One of Sunnyvale's most locally famous landmarks is the Blue Cube, a large TEMPEST shielded building at Onizuka Air Station, an Air Force base situated next to Lockheed's complex. It was built to house the operations for the now declassified CORONA photo reconnaissance satellite program. Currently the Air Force openly admits that the building holds a control center for the Air Force's satellite network, which presumably still involves spy satellites, though they'll neither confirm nor deny that. Originally named Air Force Satellite Control Facility and then Sunnyvale Air Force Station, Onizuka Air Station was renamed in honor of Challenger astronaut Ellison Onizuka in 1986. Thanks to this facility, had nuclear war broken out between the United States and the Soviet Union Sunnyvale and its environs would have likely been one of the first locations in the country turned into a sheet of radioactive glass.
If it sounds like Sunnyvale was named by a real estate developer, it was. The name was meant to attract people from fog-bound San Francisco back in the early 1900s when the town was incorporated. It really is more sunny than The City and the local microclimate usually adds about 10 degrees to San Francisco's high temperature.
Back in the 1970s Sunnyvale bulldozed most of its downtown area (save for one block) in order to build a pair of shopping malls, one a classic enclosed building, the other a cluster of one story artificially folksy buildings. While the enclosed mall might have been ultra-modern in its day, it is now a poorly aged, weird smelling, mostly empty facility. Except for the Target store, the mall itself is rarely crowded, which is actually a good thing when I have to buy something. Meanwhile the one block of the old downtown is now Sunnyvale's biggest attraction, lined with nice trees and fairly decent non-franchised restaurants, bars, coffeeshops, and a couple of other small businesses. There's even a pawn shop and a Goodwill, businesses not usually associated with the upscale Silicon Valley.
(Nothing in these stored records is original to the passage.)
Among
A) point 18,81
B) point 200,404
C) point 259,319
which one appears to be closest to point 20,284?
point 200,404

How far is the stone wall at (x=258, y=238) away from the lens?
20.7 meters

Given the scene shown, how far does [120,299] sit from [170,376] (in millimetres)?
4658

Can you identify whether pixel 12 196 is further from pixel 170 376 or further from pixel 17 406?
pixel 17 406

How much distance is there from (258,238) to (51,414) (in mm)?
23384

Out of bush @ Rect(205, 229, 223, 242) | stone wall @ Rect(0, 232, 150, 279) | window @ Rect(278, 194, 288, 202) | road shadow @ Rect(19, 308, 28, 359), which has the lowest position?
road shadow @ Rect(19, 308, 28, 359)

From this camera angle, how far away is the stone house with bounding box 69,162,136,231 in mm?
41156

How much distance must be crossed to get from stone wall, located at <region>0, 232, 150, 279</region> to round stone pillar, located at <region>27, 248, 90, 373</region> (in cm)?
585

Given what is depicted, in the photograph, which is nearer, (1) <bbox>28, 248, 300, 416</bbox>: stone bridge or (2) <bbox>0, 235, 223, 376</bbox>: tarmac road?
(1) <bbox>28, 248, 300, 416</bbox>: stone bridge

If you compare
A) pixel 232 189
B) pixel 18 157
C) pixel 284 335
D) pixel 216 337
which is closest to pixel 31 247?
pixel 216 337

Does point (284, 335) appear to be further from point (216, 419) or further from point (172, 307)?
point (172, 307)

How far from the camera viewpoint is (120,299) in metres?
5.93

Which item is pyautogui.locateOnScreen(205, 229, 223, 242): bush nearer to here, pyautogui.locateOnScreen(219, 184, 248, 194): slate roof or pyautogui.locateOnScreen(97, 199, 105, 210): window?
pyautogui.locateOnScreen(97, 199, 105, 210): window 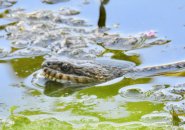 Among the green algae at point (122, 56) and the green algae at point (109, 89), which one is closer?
the green algae at point (109, 89)

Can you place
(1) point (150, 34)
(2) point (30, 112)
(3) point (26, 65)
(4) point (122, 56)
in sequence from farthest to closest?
1. (1) point (150, 34)
2. (4) point (122, 56)
3. (3) point (26, 65)
4. (2) point (30, 112)

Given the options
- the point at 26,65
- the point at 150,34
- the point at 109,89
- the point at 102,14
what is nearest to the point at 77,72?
the point at 109,89

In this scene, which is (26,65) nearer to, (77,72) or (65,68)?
(65,68)

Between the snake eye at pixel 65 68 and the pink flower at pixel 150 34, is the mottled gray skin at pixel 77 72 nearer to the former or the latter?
the snake eye at pixel 65 68

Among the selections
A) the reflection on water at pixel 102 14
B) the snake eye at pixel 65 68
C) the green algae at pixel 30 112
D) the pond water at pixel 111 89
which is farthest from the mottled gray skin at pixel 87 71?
the reflection on water at pixel 102 14

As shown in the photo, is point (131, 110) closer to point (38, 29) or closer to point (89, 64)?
point (89, 64)

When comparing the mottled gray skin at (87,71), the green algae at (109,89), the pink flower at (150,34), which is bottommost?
the green algae at (109,89)

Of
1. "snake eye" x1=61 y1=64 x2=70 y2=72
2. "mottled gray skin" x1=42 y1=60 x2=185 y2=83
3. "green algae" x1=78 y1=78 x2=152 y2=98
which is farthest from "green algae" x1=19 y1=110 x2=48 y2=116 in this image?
"snake eye" x1=61 y1=64 x2=70 y2=72

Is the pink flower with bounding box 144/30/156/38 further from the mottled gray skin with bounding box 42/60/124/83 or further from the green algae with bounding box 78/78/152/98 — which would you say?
the green algae with bounding box 78/78/152/98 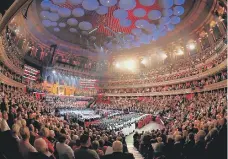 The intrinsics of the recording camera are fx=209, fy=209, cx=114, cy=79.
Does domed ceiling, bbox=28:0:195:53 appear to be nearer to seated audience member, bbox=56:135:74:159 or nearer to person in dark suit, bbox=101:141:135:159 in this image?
seated audience member, bbox=56:135:74:159

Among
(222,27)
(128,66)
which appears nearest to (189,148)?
(222,27)

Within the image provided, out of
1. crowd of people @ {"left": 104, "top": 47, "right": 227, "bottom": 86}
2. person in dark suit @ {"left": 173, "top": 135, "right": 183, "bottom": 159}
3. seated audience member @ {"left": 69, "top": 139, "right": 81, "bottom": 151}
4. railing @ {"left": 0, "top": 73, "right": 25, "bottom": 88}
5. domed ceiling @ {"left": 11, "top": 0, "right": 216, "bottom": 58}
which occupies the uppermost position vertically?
domed ceiling @ {"left": 11, "top": 0, "right": 216, "bottom": 58}

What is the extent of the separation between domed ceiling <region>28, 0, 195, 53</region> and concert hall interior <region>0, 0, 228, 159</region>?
143 mm

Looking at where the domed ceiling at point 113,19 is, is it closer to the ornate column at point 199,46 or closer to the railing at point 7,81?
the ornate column at point 199,46

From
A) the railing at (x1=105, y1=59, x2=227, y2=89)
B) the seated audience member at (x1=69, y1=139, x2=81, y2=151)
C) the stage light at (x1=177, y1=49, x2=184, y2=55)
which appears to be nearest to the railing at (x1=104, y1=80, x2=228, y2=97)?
the railing at (x1=105, y1=59, x2=227, y2=89)

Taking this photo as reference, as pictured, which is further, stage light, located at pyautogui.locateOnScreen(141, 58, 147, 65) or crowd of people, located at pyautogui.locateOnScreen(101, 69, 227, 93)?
stage light, located at pyautogui.locateOnScreen(141, 58, 147, 65)

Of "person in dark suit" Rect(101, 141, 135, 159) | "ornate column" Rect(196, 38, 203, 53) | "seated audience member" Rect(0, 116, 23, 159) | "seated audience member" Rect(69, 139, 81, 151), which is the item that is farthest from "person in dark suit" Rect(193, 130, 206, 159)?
"ornate column" Rect(196, 38, 203, 53)

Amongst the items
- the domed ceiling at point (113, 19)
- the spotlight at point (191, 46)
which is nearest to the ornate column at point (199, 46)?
the spotlight at point (191, 46)

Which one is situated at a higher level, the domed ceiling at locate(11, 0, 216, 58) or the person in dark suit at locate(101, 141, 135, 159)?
the domed ceiling at locate(11, 0, 216, 58)

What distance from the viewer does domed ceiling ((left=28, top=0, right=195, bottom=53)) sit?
89.7 ft

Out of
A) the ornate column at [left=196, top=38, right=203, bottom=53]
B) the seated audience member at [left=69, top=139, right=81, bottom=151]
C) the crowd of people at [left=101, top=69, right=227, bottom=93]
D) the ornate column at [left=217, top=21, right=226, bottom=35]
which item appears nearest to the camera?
the seated audience member at [left=69, top=139, right=81, bottom=151]

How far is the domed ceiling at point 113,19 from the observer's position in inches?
1076

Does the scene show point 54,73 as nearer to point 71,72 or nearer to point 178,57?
point 71,72

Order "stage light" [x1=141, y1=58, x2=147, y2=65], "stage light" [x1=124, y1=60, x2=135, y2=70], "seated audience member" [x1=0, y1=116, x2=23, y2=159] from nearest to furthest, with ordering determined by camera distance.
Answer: "seated audience member" [x1=0, y1=116, x2=23, y2=159]
"stage light" [x1=141, y1=58, x2=147, y2=65]
"stage light" [x1=124, y1=60, x2=135, y2=70]
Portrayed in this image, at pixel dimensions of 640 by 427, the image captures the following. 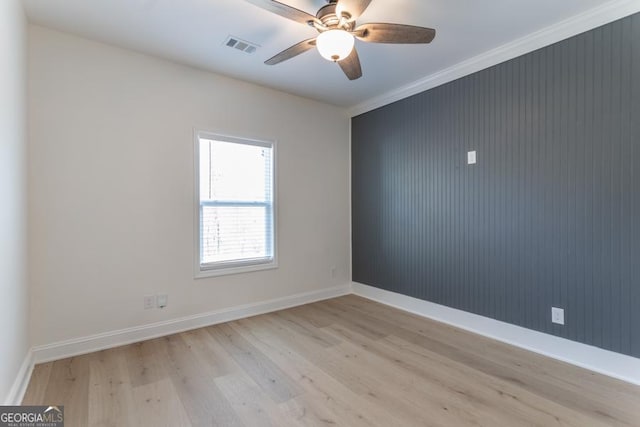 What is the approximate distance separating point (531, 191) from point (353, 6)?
2.12 meters

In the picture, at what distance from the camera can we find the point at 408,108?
144 inches

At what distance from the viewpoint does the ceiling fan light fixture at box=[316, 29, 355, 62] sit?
1.89 m

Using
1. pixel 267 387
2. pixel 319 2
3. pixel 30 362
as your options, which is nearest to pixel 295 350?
pixel 267 387

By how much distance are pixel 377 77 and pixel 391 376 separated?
2934mm

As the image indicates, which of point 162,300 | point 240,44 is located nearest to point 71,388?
point 162,300

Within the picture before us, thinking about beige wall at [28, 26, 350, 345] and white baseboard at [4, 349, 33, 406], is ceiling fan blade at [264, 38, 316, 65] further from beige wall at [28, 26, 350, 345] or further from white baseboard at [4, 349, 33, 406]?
white baseboard at [4, 349, 33, 406]

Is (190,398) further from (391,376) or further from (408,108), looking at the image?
(408,108)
Around about 2001 plans were made to remodel the old mall into something new and exciting, by trying to incorporate the old downtown block into the mall itself. Its absurd new name was Silicon Valley Walk and Village Entertainment. WAVE for short. Blech. Unfortunately, the mall owners ran out of money in the middle of the project, leaving the mall an even more of an empty shell than it was at the beginning of the project. The only improvement was the opening of a Target store where the Montgomery Ward used to be. While the Macy's at the other end of the mall still gets good traffic, the third anchor, J.C. Penney's, is closing. The mall's future remains clouded.
Sunnyvale now has a modest skyline. Just completed at the end of 2002, downtown now sports a trio of semi-high rise office buildings on what used to be a parking lot. A large underground parking structure sits under the buildings. The approximately five story hole in the ground was one of the more impressive sights in town for a time. They are currently sitting mostly empty. A major tenant signed up during the bubble period backed out. Surprise!
Like the rest of Silicon Valley, a rather dull place to live and despite the crash, still horribly overpriced, unless you won the IPO lottery at some point. Even now home sale prices in Sunnyvale continue to average around $500,000 for a modest house in decent shape. You can pick up a fixer-upper for somewhat less. In late 2000, a house near to where I live that was fit only for demolition was sold for $175,000. But while home prices haven't dropped, apartment rents have generally dropped to only slightly ludicrous levels.